By buying enormous supplies of their inventory at once and from a sharply limited number of suppliers, they were able to get extraordinarily low prices. This reduced overhead allows them to undercut their competition.
Buyers had little choice but to go along with the trend. If a name brand item is ten percent cheaper in one store than elsewhere, it would be irresponsible of a family on a budget not to shop there. The first thing that a shopper notices at the big- basket stores is an ostentatious attempt to imitate the ambience of a warehouse rather than a retail outlet or traditional market. That, of course is a deliberate effect.
The idea is to leave the shopper with the impression that the ordeal they have to endure to buy fifty kilos of rice, a carton of noodles and ten tubes of toothpaste is justified because of the enormous savings they'll encounter.
But the next thing they'll notice is a distinct lack of choice among the products. Yes, it's true that you can buy, say, a tea kettle for less than you expected. But you'd better not be choosy. There might be as many as two different types in two different colors.
Of course that's part of the deal. They get discounts from the manufacturers because they make certain manufacturers their exclusive suppliers. And signing an exclusive deal with the big guys can mean the difference between life and death for a manufacturer.
As a result a lot of smaller manufacturers of lesser known brands go out of business. So a few cooperative suppliers -- usually the bigger brands -- gain an enormously wealthy customer, families change their shopping habits to accommodate the inconvenience imposed by the hypermarkets and, at first, anyway, save substantially.
Let's think about the overall effect of this shift in buying habits as it will affect the unique Indonesian culture and lifestyle. If the big stores are successful (and if the city officials issue the permits, they assuredly will be), the first casualty will be the downtown core.
The big stores locate themselves on the outskirts of the city where the vast tracts of land they need are still available so the purchasers travel to the suburbs and beyond for their supplies. And since they buy in bulk, they don't have to make their daily purchases any more; that destroys the livelihoods of the warungs and other small neighborhood outlets that need daily purchases to survive.
Wet markets lose their daily purchasing customers to the savings-oriented large-quantity purchasers.

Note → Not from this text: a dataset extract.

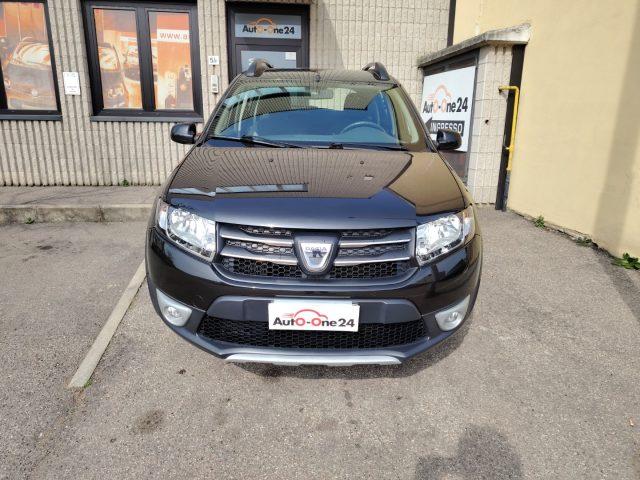 DACIA Sandero Stepway 1.5 dCi 8V 90CV Prestige NEOPATENTATI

Beyond the immediate effect upon the owners of soon-to-be- bankrupt family companies, this death of those small businesses is particularly hard on the poor of the downtown core; they don't own the car that they need to get to the monster store or to bring home the bulk purchases. It wouldn't matter anyway; they don't have the money that it takes to buy the huge volumes necessary to experience those tempting savings.

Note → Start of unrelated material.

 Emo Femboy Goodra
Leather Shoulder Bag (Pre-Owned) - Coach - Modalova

They have fewer and fewer places to buy the necessities, because the traditional markets are either closing or having to raise prices out of their reach. As the downtown core dies, urban decay sets in.
An Indonesian scenario would be a radical stratification of the economic classes. The middle class, as it begins to grow, would rapidly become isolated from the urban poor. The middle class in Indonesia is miniscule but growing. In fact, it is growing significantly enough to support the proliferation of the monster stores.
As the new middle class emigrates to the suburbs, the poor would populate the urban centers in ever increasingly squalid conditions. The mingling of the social and economic classes that typifies the conditions in the traditional markets will be gone. The poor will be relegated to the few, small markets that pop up then disappear quickly, while the better-off load up their Kijangs once a month at the superstores.
This effect will likely be gradual. The effect will only occur as quickly as the growth of the middle class and the speed with which the stores are built to supply their demands. But as long as we fail to exercise foresight and allow the unrestrained growth of these enormous stores, it will be inexorable.
While the growth of the middle class is something to be desired and encouraged as a sign that Indonesia is approaching economic maturity, thought and planning must be exercised if that prosperity is not to be more of a cure than a blessing. Because along with the benefits, there will be casualties. So, ladies and gentlemen... the Wal-Mart Effect.